Chinese-Australian businessman and philanthropist

Shi Zhengrong (施正荣 (Shī Zhèngróng), born 10 February 1963) is a Chinese-Australian businessman and philanthropist. He is the founder and, up to March 2013, chairman and chief executive officer of Suntech Power.

== Biography ==
Shi was born in Yangzhong, Jiangsu, China. His identical twin brother is Chen Henglong, who is also a tycoon. He finished his undergraduate study at Changchun University of Science and Technology, and obtained his Master's degree from the Shanghai Institute of Optics and Fine Mechanics, Chinese Academy of Sciences. Afterward, Shi went to the University of New South Wales's School of Photovoltaic and Renewable Energy Engineering where he obtained his doctorate degree on solar power technology. Shi studied with Professor Martin Green.

He acquired Australian citizenship and returned to China in 2001 to set up the solar power company Suntech Power. Shi founded Suntech with support from the Wuxi city government, which held a 25% stake in the company.

After Suntech's listing on the New York Stock Exchange in 2005, Shi became the richest person in China. Academic Lan Xiaohuan writes that Shi's wealth following the listing "acted as a strong demonstration effect and local governments across China soon began to invest in the solar industry."

Shi was elected Fellow of the Australian Academy of Technological Sciences and Engineering in 2009. In 2009, Shi also received the Oslo Business for Peace Award, an award chosen by Nobel winners to leaders in the private sector who have demonstrated transformative and positive change through ethical business practices.

According to Hurun Report's China Rich List 2013, he had a personal net worth of US$330 million.

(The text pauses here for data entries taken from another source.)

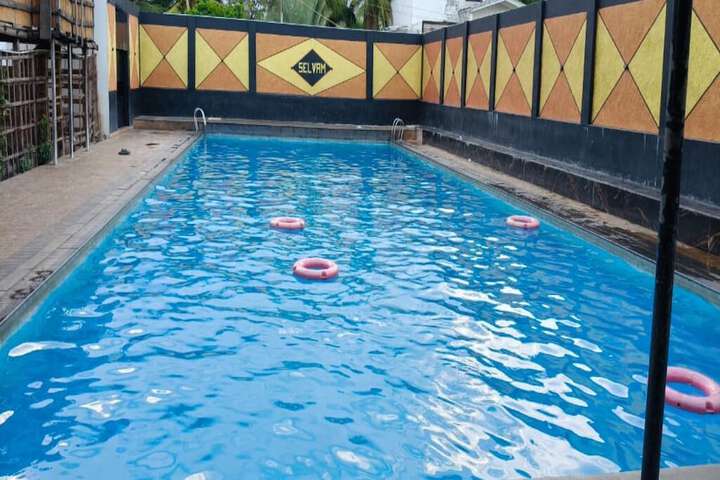 Pool 7 of 10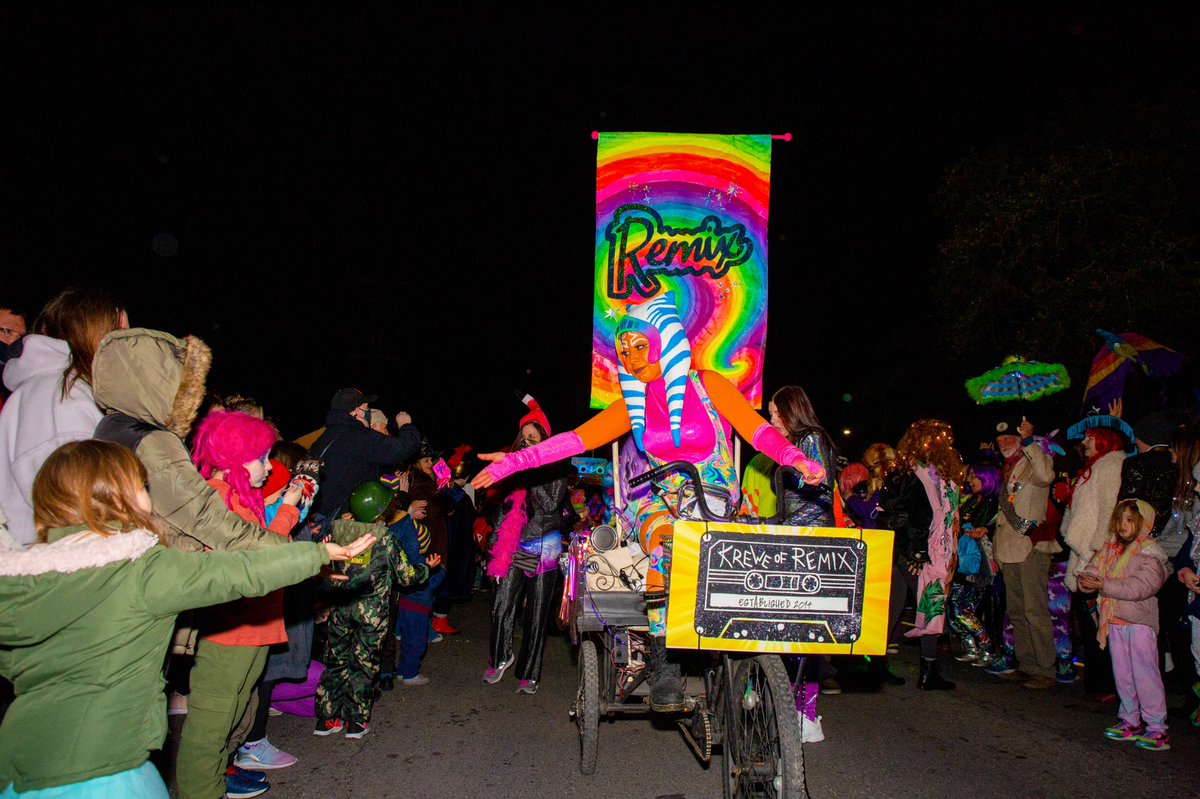 The Intergalactic Krewe of Chewbacchus rolls for the first time since 2020 🪐

Chewbacchus is a science fiction–themed Mardi Gras krewe and self described satirical space cult 🛸

It’s so exciting to photograph a parade after so long! 📸

#neworleans #MardiGras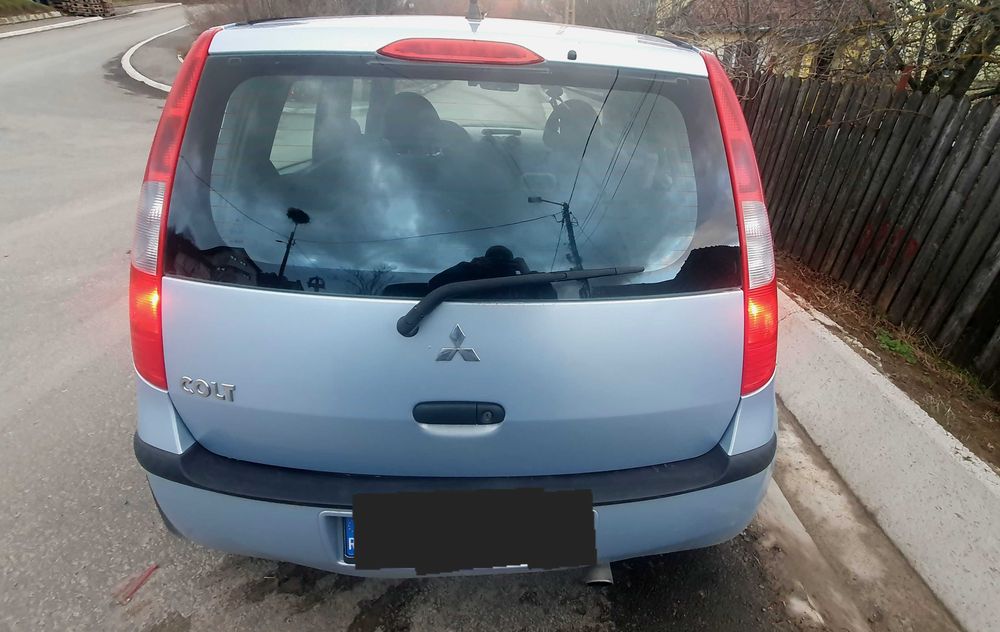 MITSUBISHI Colt 2004 — imagine 4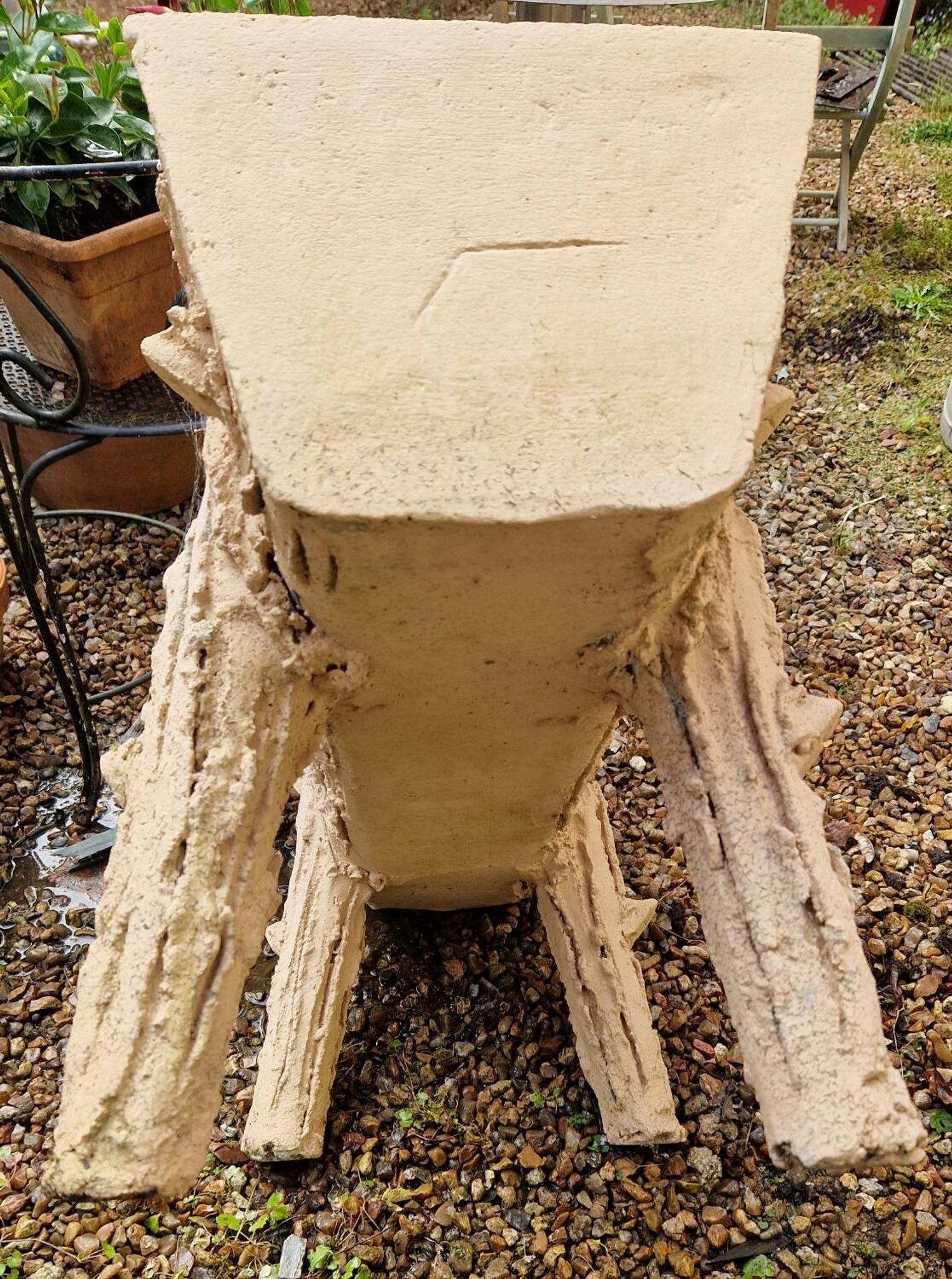 Pair of cement planters in faux wood finish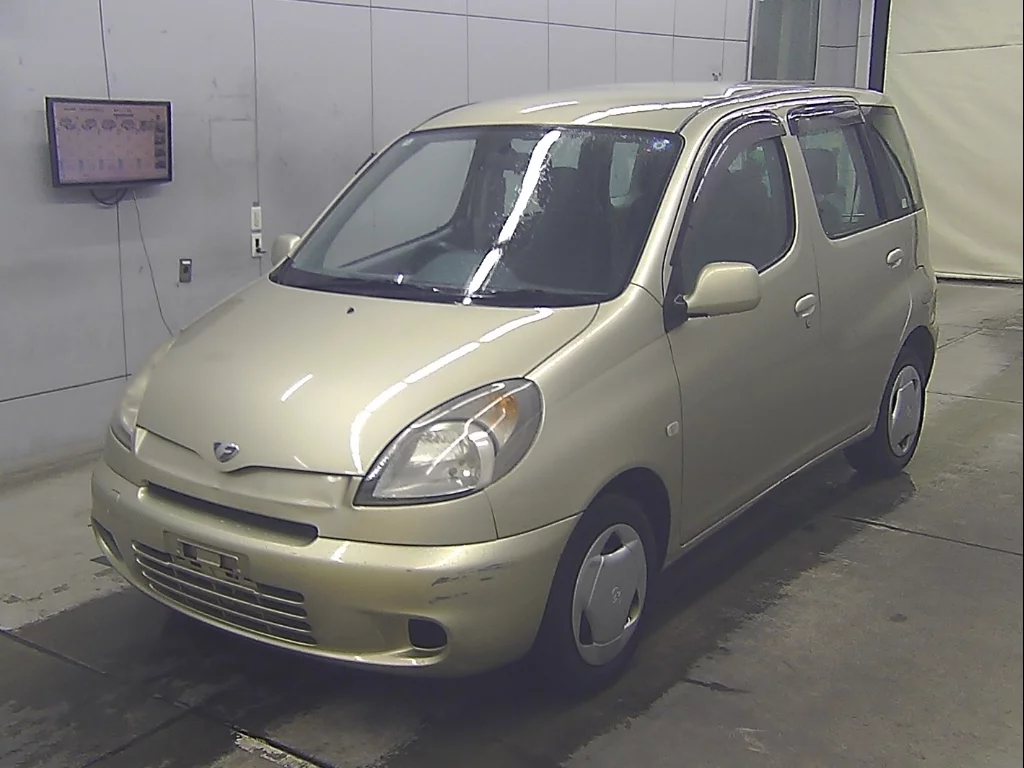 Toyota Funcargo  с аукциона в Японии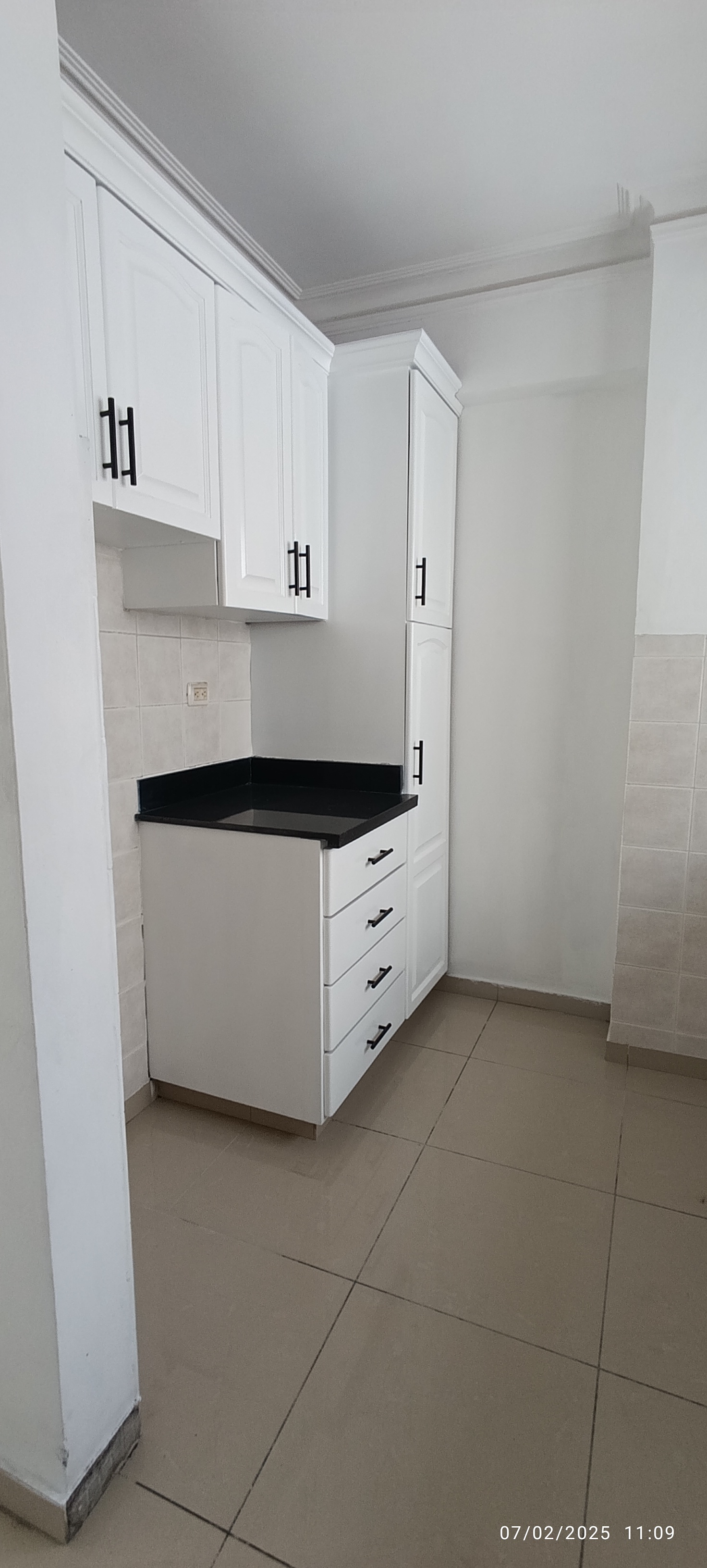 apartamentos - Mirador Norte calle tranquil  con ascensor clásico  impecable, cocina remodelada 1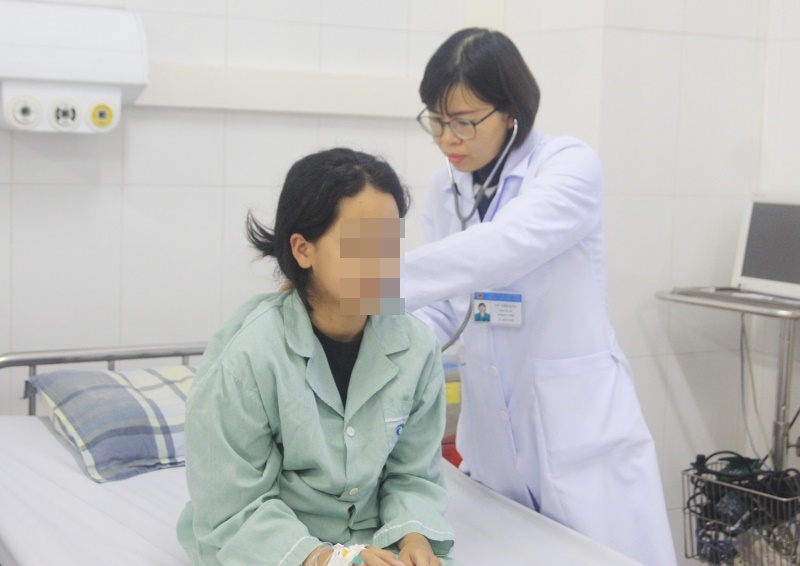 Be gai nguy kich sau 4 ngay sot duoc cuu song ky dieu hinh anh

Amid fierce price competition on its products, on 20 March 2013, the Suntech board declared bankruptcy in the wake of defaulting on US$541 million-worth of bonds, Shi had been demoted from chairman to director earlier that month. The Financial Times, quoting the Shanghai Securities News, reported at the time that Shi's movements were being restricted and that he was not allowed to leave China pending an investigation into his role at Suntech. By 2016, he was living in Shanghai and frequently visiting Australia. As of 2017 and 2018, Dr. Shi Zhengrong had been seen actively giving key note speeches at solar conferences and promoting the use of solar technologies in both China and overseas.

==Philanthropy==
He has donated funds to a renewable energy research unit at the University of NSW, Australia "because he felt it was not getting an appropriate level of government support", according to Australian Greens Senator Christine Milne.